His conception of the greatness of the Empire was indissolubly associated with his conception of the greatness of its sovran, and he asserted the absolutism of the autocrat in a degree which no Emperor had hitherto attempted. 45This was conspicuously shown in the dictatorship which he claimed over the Church. He was the first Emperor who studied dogmatic questions independently and systematically, and he had all the confidence of a professional theologian. A theologian on the throne is a public danger, and the principle of persecuting opinion, which had been fitfully and mildly pursued in the fifth century, was applied rigorously and systematically under Justinian. His determination to be supreme in all departments made him impatient of advice; he did not like his commands to be discussed, and he left to his ministers little latitude for decision.

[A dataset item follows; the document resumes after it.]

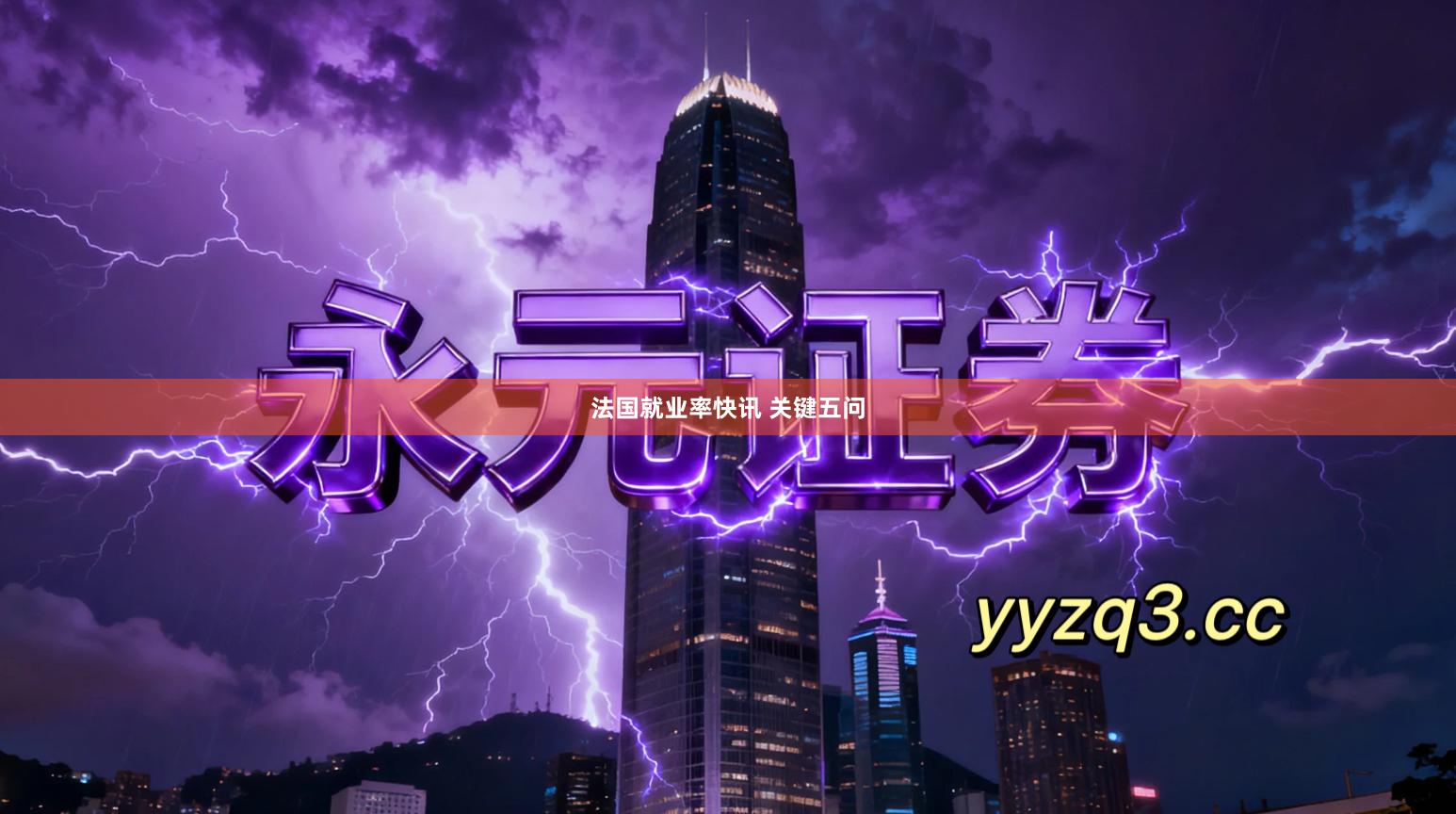 法国就业率快讯 关键五问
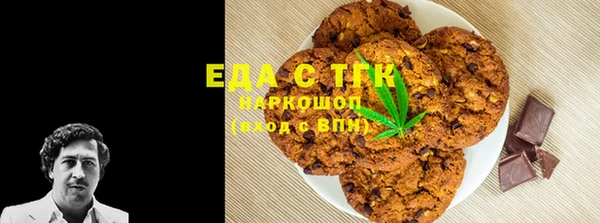 мефедрон Баксан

His passion for dealing personally with the minute details of government had the same unfortunate results as in the case of Philip II. 46Like other autocrats, he was jealous and suspicious, and ready to listen to calumnies against his most loyal servants. And there was a vein of weakness in his character. He faltered at one supremely critical moment of his reign, and his consort, Theodora, had an influence over him which no woman could have exercised over an Augustus or a Constantine.